Life cycle of hellos and goodbyes

Prepping to move back to Singapore from Beijing last week, I felt like my life was moving in cycles.

There were eerie similarities between the last time I "re-entered" Singapore, in 2009 after a period of overseas study, and now.

Then, and now, I faced uncertain, new professional challenges, for which I felt an equal amount of excitement and terror.

Then, and now, I was departing dirty, messy cities that pulsed with life for a home that's always felt a little too clean in several senses of the word.

Then, and now, I was leaving behind a person whom I believed I could spend my life with - if only we could overcome the perennial dissatisfactions of a period of long-distance relationship.

Thinking back on the raw sanding of 2009, I felt trepidatious.

There were challenges of re-entry that I knew I could not avoid despite being five years older now.

The first is that living with one's parents again after a period of not living with them is an experience like sitting in an armchair that's both very comfortable and dotted with tiny spikes that bite into your flesh.

Another is that weaselling my way back into my friends' lives would require effort and humility.

My previous re-entry taught me that no matter how dear the friend, people's lives don't stand still for anyone.

You think you leave a person-shaped hole in the fabric of their existences and can resume your rightful place immediately upon return.

Actually, your departure is swallowed by a quicksand whose surface is ultimately always undisturbed.
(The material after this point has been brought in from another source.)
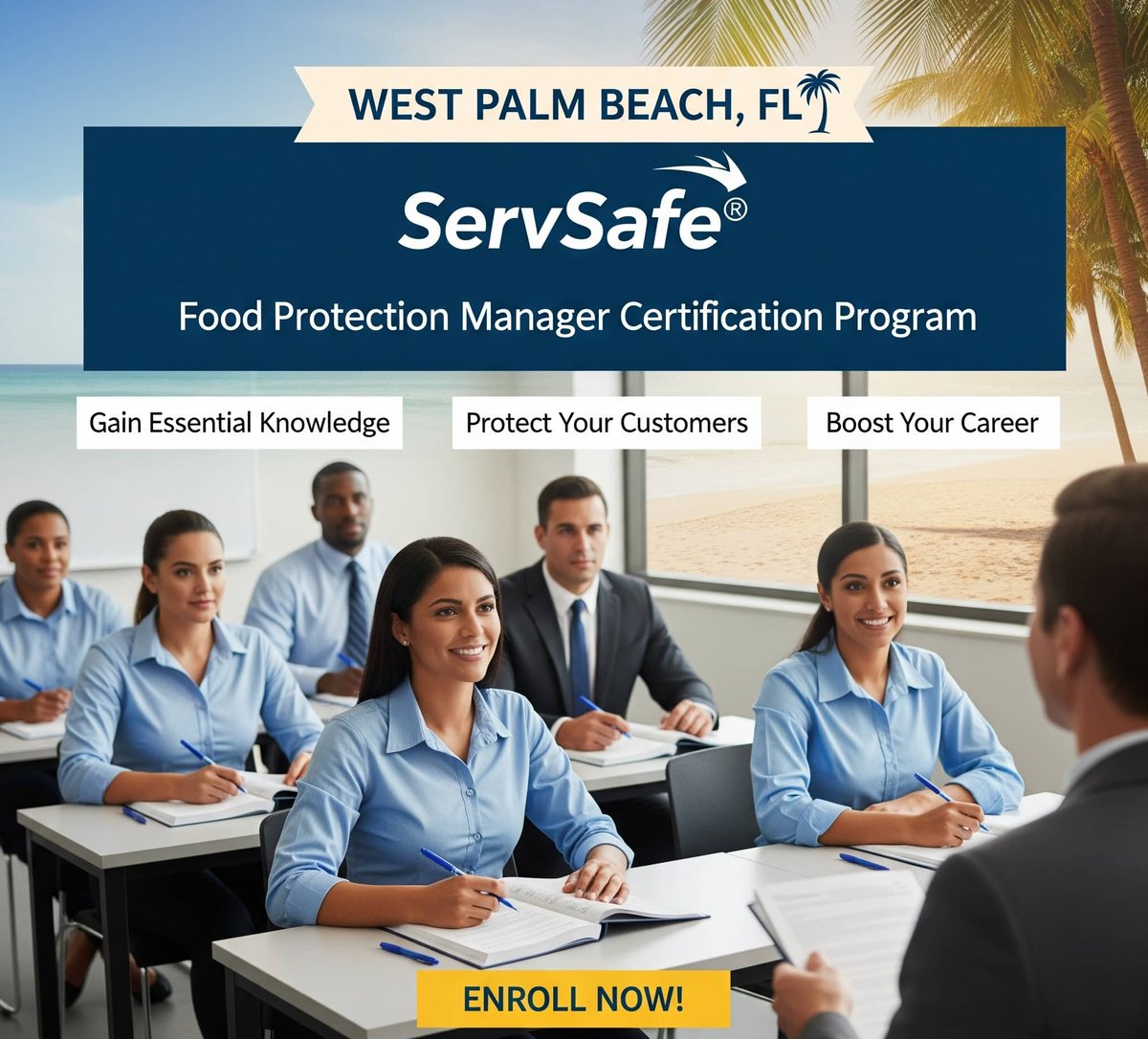 Advance your career in West Palm Beach! Looking to become a food safety leader? The ServSafe® Food Protection Manager Certification Program in West Palm Beach is your next step! zurl.co/I5iXt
They have new routines now, and new people in their lives, and re-insertion is actually really more like presenting yourself hopefully as a new friend candidate.

And a third, major suck factor would be that heaving loneliness that accompanies any major move.
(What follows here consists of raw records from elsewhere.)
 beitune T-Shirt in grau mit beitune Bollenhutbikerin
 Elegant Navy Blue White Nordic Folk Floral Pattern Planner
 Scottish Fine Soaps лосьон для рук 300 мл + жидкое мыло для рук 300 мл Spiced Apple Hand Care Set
I felt it when I first moved to Beijing last year and I knew it would be my constant companion in the initial phase of my move back home. There's something about the act of uprooting and re-locating that reminds the soul of the transience of life, the ephemerality of connection and the ultimate pointlessness of it all.

So I stepped onto Singapore soil braced. It wouldn't be pleasant, but it would be all fine in the end.
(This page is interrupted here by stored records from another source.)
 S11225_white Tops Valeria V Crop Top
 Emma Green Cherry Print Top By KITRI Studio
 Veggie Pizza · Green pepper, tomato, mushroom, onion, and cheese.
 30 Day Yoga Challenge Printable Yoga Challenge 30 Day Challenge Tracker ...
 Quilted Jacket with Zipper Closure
Two weeks in, I hope I'm not jinxing it by writing this column, but it's been unexpectedly smooth-sailing.

Some external factors have changed as my friends and I linger in the twilight of our 20s. As we age, making new friends becomes harder and a less appealing prospect, which meant a mutual amount of delight at the reappearance of an old connection.

My relationship with my parents has also gradually transformed itself over the past few years.

It took returning to the fold after a year away to properly appreciate the loveliness of our current, if finite, stage of relations: I've forgiven them for being fallible human beings and they've accepted my adulthood and everyone is mostly financially independent and physically healthy.

But I think the main change has been in myself. I'm aware of the irony of writing this in a column like this one - but somehow I find myself generally much less interested in my own emotions and trivial sufferings.

It's been a slow ebb over the past few years, manifested in, for example, a disinterest in posting on Facebook about my opinions/feelings/lunch.

As social media has matured, I feel like the one incontrovertible thing it's really shown us about humanity is how similar and generic we all are - especially in our belief in our own uniqueness.

And that loneliness? It sometimes now feels as comforting as an old friend, because it no longer tastes to me of failure, but of self-sufficiency.

The last time I returned to Singapore in 2009, every discomfort of re-adjustment felt like a crisis because I didn't yet know, in a true, lived way and not just theoretically, that the changing seasons of life are just as life should be.

Then, moving back felt like the end of something that I should mourn, and the start of something new and strange and frightening. It would be rewarding in its own time, but I didn't have that perspective yet.

It still feels new and strange and frightening. But I know that this beginning will also have an end, and another beginning to take its place, which will also have its end, and so on and so forth until, well, the final end where nothing matters anymore.

If that sounds depressing, it's not meant to be. I feel grateful for all the beginnings and ends I've been lucky to experience, and excited about all those to come.

My life, and all of ours, moves indeed in a cycle that spins ceaselessly. And what a wonderful thing that is.